What's great about it? "There is a pattern of activity that I find pleasing that I can join in and feel as if I am accomplishing something of value"
Except in Wittgenstein's case, all the people were dancing, but they were all dancing to different songs and in their own invented way of dancing. Now there's nothing wrong with inventing your own songs and dance moves, mind you, but Wittgenstein was the guy that pointed out that this was what was happening.
And now we being discussing "Can we all listen to the same music", and "Who likes Jazz?", and so forth. We've opened up a new class of exploration that didn't exist before.

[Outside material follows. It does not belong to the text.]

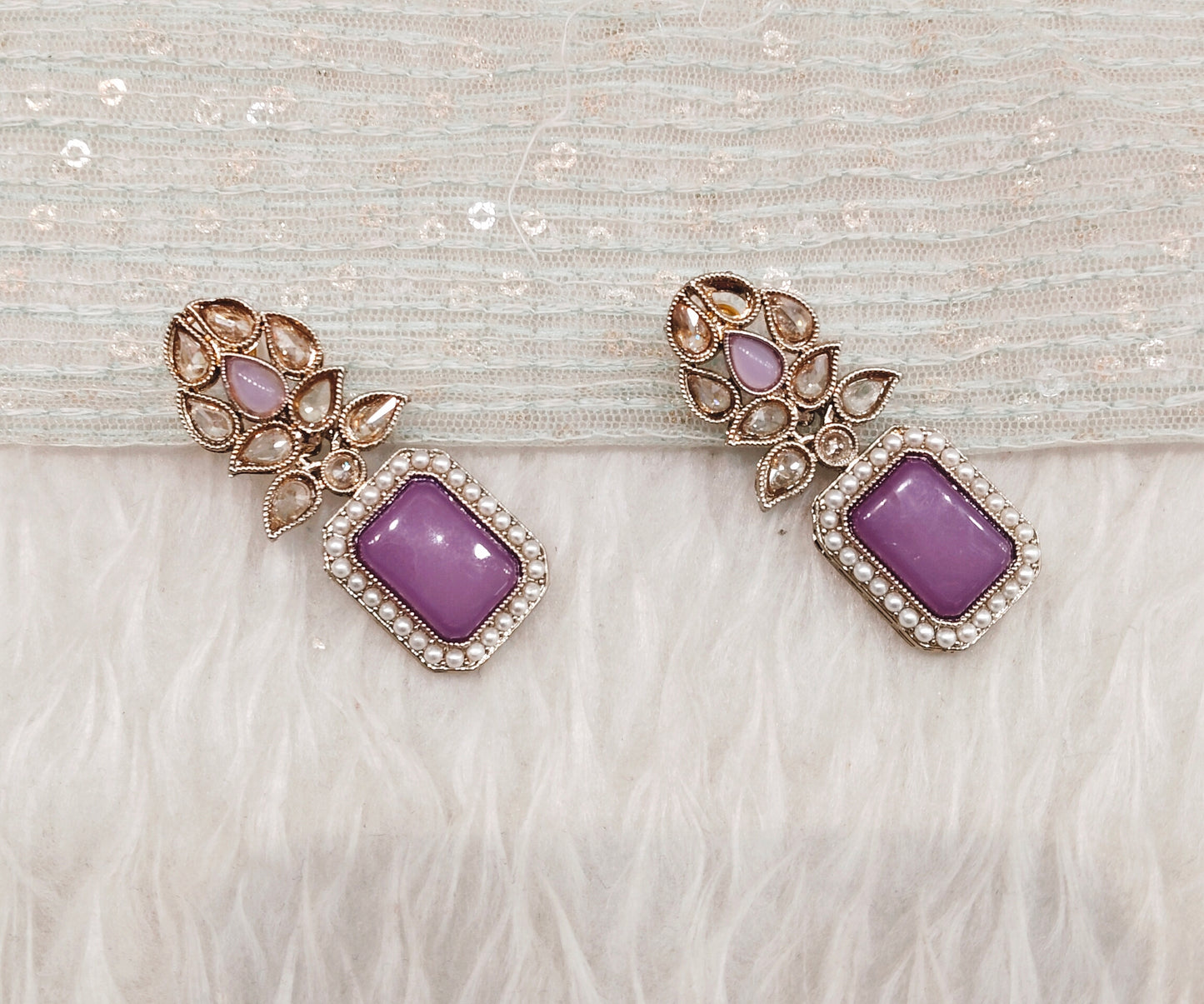 Lavender Antique Gold Bollywood Fine Indian Earrings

My guess is that Wittgenstein thought that either you'd play the music loudly enough and one dance would win (unlikely), or that it was impossible for such a large group to agree to much of anything, from the genre of music to the types of moves that looked cool. (more likely) But then you get into even more interesting issues, like how large of a group can agree on anything, what does it mean to agree on language, and so forth. We've joined the social to the philosophical in a way that had never been done before. I could go on at length, and probably would. I'd love to drag Kuhn and Popper into this. I apologize for being so wordy.
I think you have to pull your question apart in to two implications of "truth". There is a "ground truth" question (from plato's shadows on through today) which is not addressed in this essay.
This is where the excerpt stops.